За этимъ проваломъ послѣдовало еще новое пораженіе участниковъ петербургскаго ноябрьскаго совѣщанія.
Вслѣдъ за этимъ началась тактика „срыванія” Собранія. Благодаря особымъ свойствамъ предсѣдателя Чемодурова, и при нагломъ содѣйствіи клафтоновскихъ дружинъ, она достигла желаемаго результата. Послѣ ряда бурныхъ засѣданій и шумныхъ скандаловъ, въ которыхъ принимали участіе сами земцы опредѣленнаго лагеря, Чемодуровъ отказался продолжать засѣданія и объявилъ очередную сессію прерванной... Утомленные, изнервничавшиеся гласные быстро разъѣхались по домамъ — на радость Клафтону и его приснымъ.

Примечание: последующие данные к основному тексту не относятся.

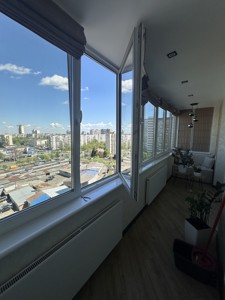 Apartment B-107012, Pravdy avenue, 41б, Kyiv - Photo 14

Осталась масса неразсмотрѣнныхъ докладовъ, смѣта не была закончена, отчетъ годовой не утвержденъ. Выборы Управы, обычно производившіеся въ концѣ Собранія, отложены.
На А. А. Чемодурова всѣ событія послѣдняго года, въ частности, только что описанное мною Земское Собраніе, сильно повліяли. Онъ рѣшилъ окончательно отойти отъ предводительской службы, въ силу рѣзко измѣнившихся условій... „Наверху слабость, а внизу гадость!”... такъ отзывался почтенный мой „Губернскій” о создавшемся положеніи вещей.
За мѣсяцъ приблизительно до открытія Губернскаго Дворянскаго Собранія Чемодуровъ заявилъ мнѣ, что единственнымъ кандидатомъ на постъ Губернскаго Предводителя являюсь я. Онъ настойчиво уговаривалъ меня согласиться на его предложеніе, основанное на единодушномъ желаніи большинства дворянъ.
На открытіе іюньскаго Губернскаго Дворянскаго Собранія прибылъ вновь назначенный Губернаторъ д. с. с. Дмитрій Ивановичъ Засядко, смѣнившій долголѣтняго нашего, принципала А. С. Брянчанинова.
Назначеніе Самарскимъ Губернаторомъ Засядко было для всѣхъ насъ непріятной, даже обидной для нашего мѣстнаго самолюбія, неожиданностью. Мы быстро узнали карьеру этого господина: пажъ, дружба съ „Котикомъ” Оболенскимъ, офицерство въ Лейбъ-Казачьемъ полку, „нѣжное” знакомство съ кн. Мещерскимъ. Когда нужно было найти человѣка, который согласился бы пойти въ Предсѣдатели Тверской Губернской Управы по назначенію, Мещерскій и „выдвинулъ” своего кандидата Засядко, подъ условіемъ за подобный подвигъ его куда-либо потомъ назначить губернаторомъ... Жребій палъ на нашу бѣдную Самару!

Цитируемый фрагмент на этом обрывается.